What you have to do: Find the number of lines below in which the word "Animals" occurs. Write only that number.

Records to use:
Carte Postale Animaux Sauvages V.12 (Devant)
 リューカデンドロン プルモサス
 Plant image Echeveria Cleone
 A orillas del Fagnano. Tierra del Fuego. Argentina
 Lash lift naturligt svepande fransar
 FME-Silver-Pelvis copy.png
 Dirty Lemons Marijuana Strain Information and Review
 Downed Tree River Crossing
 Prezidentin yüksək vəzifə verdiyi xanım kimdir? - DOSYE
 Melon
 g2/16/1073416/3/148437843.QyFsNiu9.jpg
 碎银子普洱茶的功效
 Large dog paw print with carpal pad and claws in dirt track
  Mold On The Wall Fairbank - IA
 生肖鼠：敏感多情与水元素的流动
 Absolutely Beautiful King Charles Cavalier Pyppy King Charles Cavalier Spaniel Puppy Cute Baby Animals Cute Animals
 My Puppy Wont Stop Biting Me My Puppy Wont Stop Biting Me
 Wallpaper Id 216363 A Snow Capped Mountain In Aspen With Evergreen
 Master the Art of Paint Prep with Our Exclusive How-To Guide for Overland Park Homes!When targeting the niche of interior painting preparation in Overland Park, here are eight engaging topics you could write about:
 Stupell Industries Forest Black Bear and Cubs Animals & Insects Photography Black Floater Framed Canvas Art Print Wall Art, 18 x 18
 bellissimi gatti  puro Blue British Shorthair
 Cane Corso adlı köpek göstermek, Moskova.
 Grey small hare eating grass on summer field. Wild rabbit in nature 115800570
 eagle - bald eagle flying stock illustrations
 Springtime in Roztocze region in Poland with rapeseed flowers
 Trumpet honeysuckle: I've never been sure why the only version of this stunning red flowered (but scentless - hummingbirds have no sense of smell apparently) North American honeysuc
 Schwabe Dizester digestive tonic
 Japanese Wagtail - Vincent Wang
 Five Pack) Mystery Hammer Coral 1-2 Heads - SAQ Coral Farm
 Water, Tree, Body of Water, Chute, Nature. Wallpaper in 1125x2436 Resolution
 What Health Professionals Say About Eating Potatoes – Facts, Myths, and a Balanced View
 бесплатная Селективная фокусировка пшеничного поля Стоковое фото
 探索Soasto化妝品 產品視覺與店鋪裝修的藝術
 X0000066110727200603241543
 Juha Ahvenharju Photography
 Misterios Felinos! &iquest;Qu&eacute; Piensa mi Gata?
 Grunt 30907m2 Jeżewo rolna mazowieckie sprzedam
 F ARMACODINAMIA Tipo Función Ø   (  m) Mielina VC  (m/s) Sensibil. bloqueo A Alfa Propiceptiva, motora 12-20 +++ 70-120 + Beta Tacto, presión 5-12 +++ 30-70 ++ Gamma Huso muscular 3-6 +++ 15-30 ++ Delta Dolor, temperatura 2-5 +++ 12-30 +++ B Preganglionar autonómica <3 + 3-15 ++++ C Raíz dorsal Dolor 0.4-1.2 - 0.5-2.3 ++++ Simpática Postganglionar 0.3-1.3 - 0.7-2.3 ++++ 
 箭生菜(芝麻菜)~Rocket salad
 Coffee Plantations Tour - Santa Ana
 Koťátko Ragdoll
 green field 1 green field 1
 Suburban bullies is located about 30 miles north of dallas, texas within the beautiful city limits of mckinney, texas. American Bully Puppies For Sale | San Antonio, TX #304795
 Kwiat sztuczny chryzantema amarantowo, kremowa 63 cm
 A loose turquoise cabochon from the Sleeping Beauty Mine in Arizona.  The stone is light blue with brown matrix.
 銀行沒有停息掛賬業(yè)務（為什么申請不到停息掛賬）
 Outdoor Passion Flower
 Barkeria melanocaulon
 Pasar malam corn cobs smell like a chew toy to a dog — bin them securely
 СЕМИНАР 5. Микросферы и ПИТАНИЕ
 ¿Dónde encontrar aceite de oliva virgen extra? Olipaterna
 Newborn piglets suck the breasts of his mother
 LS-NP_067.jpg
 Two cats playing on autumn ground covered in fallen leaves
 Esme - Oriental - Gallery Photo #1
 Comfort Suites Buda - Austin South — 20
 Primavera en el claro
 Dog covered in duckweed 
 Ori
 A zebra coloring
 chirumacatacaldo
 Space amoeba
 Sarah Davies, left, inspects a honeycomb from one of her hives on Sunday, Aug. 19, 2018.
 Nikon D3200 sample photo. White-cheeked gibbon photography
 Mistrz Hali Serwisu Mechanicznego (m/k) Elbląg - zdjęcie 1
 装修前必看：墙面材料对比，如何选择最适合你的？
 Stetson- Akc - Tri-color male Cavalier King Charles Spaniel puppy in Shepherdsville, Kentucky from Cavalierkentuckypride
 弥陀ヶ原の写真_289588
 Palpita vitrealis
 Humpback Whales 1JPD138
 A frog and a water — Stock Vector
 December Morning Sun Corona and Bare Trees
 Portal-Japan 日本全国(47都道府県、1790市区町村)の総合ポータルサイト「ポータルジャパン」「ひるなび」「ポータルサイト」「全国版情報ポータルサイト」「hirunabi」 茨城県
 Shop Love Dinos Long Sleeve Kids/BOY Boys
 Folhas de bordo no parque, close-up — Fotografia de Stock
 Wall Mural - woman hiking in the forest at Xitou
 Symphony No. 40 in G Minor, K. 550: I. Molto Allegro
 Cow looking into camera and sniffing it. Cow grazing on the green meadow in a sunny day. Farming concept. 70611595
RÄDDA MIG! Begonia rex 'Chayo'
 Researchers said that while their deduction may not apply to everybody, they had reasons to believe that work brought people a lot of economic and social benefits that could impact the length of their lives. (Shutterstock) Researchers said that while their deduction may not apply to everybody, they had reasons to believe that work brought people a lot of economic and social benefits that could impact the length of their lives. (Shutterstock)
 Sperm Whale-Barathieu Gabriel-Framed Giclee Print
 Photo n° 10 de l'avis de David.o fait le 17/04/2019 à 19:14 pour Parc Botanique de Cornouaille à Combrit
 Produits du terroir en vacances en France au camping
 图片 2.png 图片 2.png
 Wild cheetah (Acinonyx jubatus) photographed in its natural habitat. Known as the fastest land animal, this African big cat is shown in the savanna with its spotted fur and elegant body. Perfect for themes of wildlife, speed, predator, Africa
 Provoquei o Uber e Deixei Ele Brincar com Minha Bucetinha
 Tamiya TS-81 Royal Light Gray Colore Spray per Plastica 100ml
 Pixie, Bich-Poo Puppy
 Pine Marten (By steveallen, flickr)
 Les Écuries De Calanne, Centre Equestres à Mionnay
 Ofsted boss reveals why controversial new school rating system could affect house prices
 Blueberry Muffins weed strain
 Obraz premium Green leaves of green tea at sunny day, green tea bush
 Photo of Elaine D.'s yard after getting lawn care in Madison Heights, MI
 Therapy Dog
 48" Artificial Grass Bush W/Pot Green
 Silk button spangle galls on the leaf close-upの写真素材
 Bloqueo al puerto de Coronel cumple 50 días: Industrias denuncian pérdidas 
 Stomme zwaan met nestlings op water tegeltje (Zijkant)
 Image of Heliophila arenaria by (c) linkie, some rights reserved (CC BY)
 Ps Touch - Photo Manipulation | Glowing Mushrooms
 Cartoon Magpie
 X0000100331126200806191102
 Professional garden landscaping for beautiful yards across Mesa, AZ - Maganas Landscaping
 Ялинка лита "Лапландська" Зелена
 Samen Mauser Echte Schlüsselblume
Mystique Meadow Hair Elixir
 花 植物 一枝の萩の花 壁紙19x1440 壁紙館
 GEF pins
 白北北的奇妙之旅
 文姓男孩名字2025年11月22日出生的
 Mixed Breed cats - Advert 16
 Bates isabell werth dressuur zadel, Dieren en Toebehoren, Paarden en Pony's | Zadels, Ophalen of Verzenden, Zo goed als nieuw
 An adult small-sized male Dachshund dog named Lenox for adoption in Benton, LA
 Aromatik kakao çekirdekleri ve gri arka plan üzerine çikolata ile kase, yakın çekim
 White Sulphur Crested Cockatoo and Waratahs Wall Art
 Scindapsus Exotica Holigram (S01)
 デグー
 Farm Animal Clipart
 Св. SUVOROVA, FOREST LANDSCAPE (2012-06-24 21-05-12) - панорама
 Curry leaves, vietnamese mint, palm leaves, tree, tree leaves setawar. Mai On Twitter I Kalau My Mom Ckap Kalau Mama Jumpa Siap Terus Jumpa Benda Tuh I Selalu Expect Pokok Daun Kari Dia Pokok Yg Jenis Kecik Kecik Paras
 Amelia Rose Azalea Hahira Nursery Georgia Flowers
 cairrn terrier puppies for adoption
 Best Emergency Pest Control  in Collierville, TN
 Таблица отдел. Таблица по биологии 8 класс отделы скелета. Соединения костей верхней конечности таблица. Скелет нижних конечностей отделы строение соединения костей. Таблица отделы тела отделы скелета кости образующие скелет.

Answer to the exercise: 2